The second thing is that we have a series of lectures on Thursday by relatively new faculty titled “It’s My Amherst Too!,” where we’re asking them to f trace how they got to where they are now. Not too long ago, they were where these students are. We’ve got Ashley Carter and Marisa Parham…
Yeah. We saw that there was a group of students—a lot of them first-generation students or international students—who didn’t participate in any of the Orientation activities over the years. Some of the activities cost some amount of money. We try to make it really obvious that if you can’t afford to pay, you can get a fee waiver, but some people don’t choose to do that. So we wanted to have an alternative to going out into the community, doing an outdoor trip or being an athlete. Last I checked, we had 35 or 40 students sign up for the new lecture series.
How have last year’s dialogues surrounding sexual misconduct and sexual respect—and the resulting report from the Sexual Misconduct Oversight Committee—affected plans for this year’s Orientation?
As the SMOC Report highlighted, Orientation is a really critical time for us to communicate with students about standards, responsibilities, resources, expectations. So we have done a lot of work surrounding the discussion having to do with students’ rights and responsibilities. Those discussions are Tuesday and Wednesday of Orientation.
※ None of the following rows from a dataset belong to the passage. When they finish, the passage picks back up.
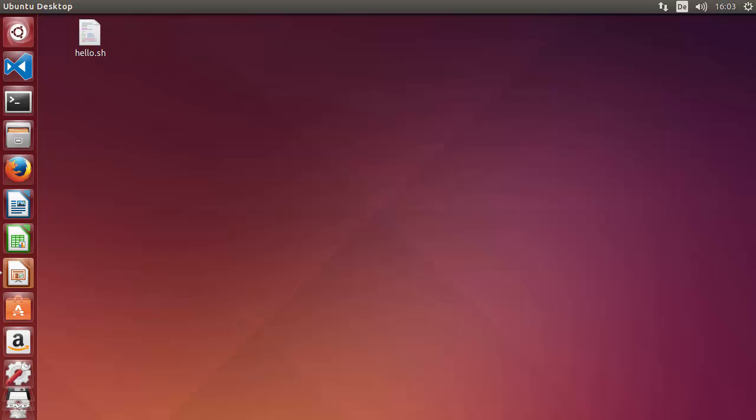Hey guys, welcome to the next video on the Redis tutorial for beginners. In the last few videos we have seen how we can download and install Redis on Windows, Linux, and Mac operating systems. For further videos I will be making on my Linux operating system, that is my Ubuntu operating system, because most frequently this Redis server is installed on a Linux machine.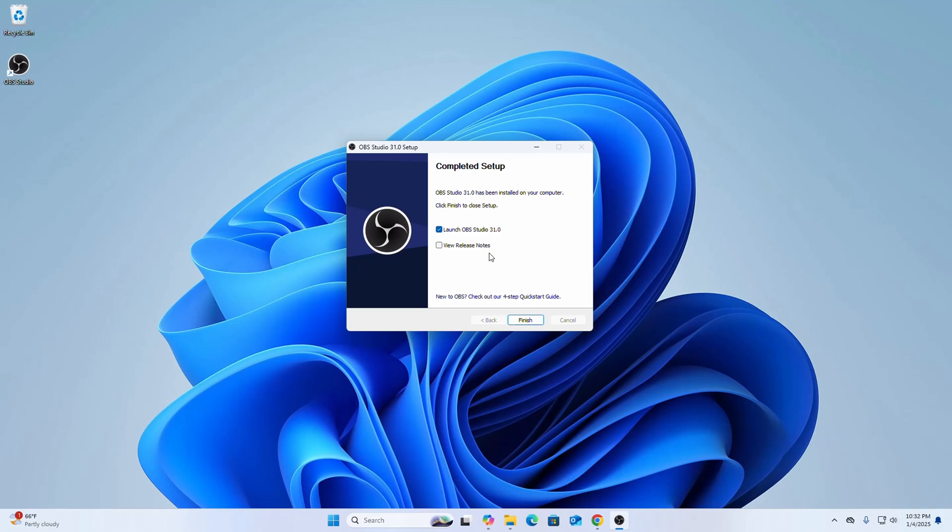If you want to launch OBS Studio right now, check this box. Otherwise, uncheck and then click on finish to exit the setup wizard.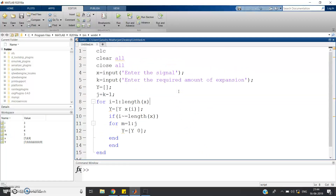This may help you in your digital signal processing related course where you have to do this kind of signal manipulation. This is all for my video. I hope you understood the concept. If you have any doubt, you can ask in the comment section. Thank you for watching.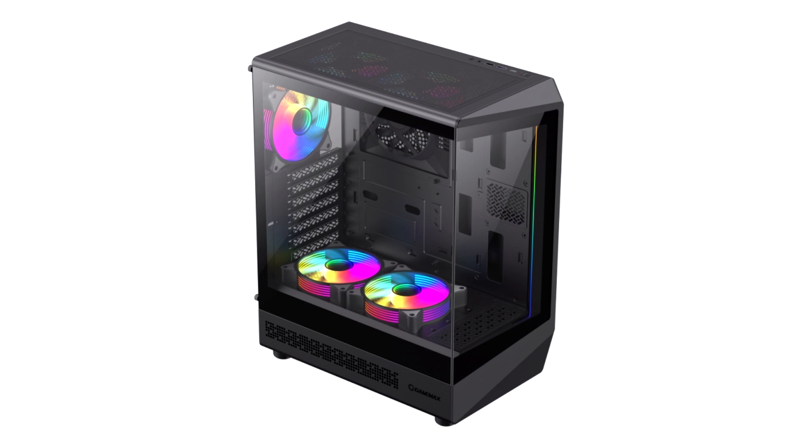The VistaCock gaming chassis is the company's latest addition to its catalog, featuring CoC technology and fully transparent front and side panels.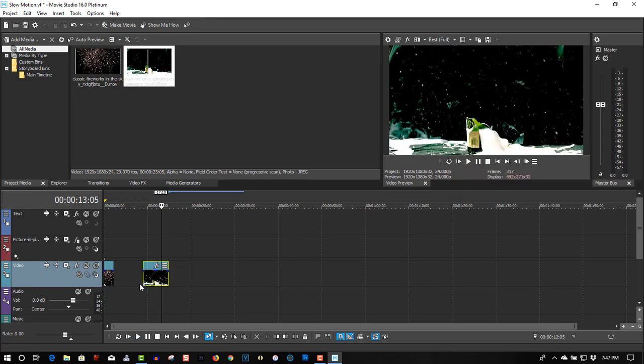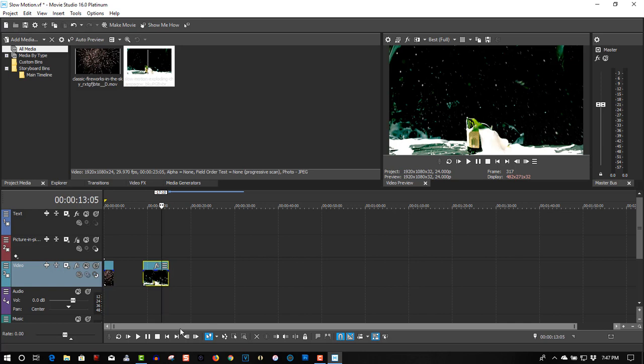So basically that's all you have to do to slow down and speed up clips in Movie Studio. In Vegas Pro you have velocity, a different method for slowing and speeding up clips. But in Movie Studio, you have to rely on time stretches. The only way you can slow down clips and speed them up is with time stretch.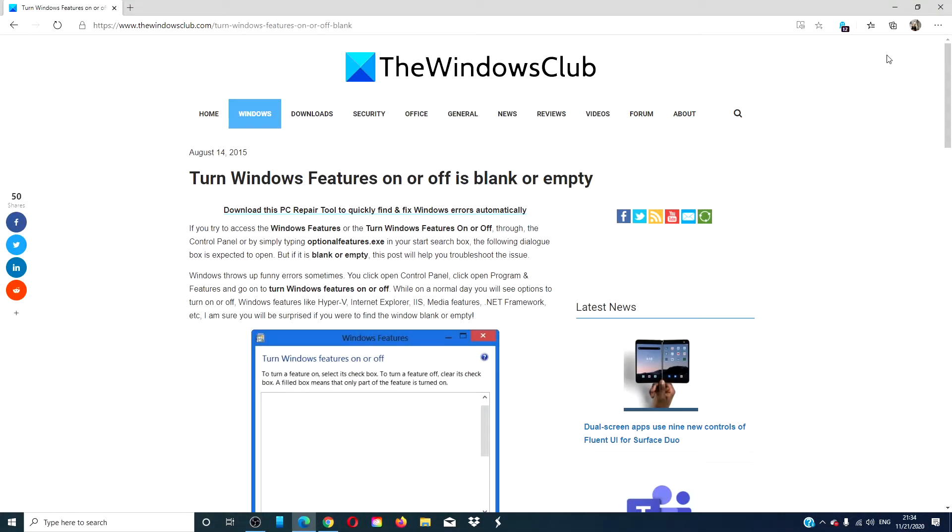Hello Windows Universe! In this video, we will look at what you can do if the Windows features on or off is blank or empty.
We’ve recruited a national expert in dialoguing about diversity and inclusion, which is an aspect of our Honor Code. So Jamie Utt will be coming in. He’s new to our Orientation; he does orientations all over the country. He has been at the Amherst College campus, speaking to the LEADS program, and they recommended him highly, so we brought him on board.
Also, we think that the Squad Leaders are going to be primary mentors and guides for our students in their social lives as they start out on campus. We are having much more comprehensive training and expectations for the Squad Leaders during Orientation.
Is there anything else you’d like to touch upon?
One of the things I hope to emphasize is the degree to which students really are a part of the decision tree for what happens in Orientation—in terms of the theme, the recruiting of student leaders, student workers. Their feedback is so critical in shaping the next year’s Orientation.
Do you have a formal feedback process, where you ask the students, “What did you think of Orientation?”?
I work with Amherst’s Office of Institutional Research. Last year, we used a post-Orientation survey tool. This year, we’re going to do both the post-Orientation survey and the in-real-time survey—“This happened today. What’s your feedback?” The students will be getting questions every day about what worked for them, what didn’t work for them. If something really didn’t work, we can address it right away rather than waiting a week or two weeks. And while the real-time feedback is important, it’s also important to let the Orientation experience sit a little while and then have people reflect.
A quick example: When students are moving into dorm rooms, we often hear a lot of complaints about how parents or students don’t like the rooms, they think it’s dirty, or they are uncomfortable with the roommate. So last year we put questions on the survey about, “How was your move-in process? How was your room?” We were fully expecting to hear lots of negative responses. And then, in fact the responses were really, really positive. Impressions can be distorted by the few voices that are really loud.
So if you go out and deliberately seek everyone’s voice, or as many voices as possible, you get a more balanced idea.
Yes. So that was a really wonderful result for us.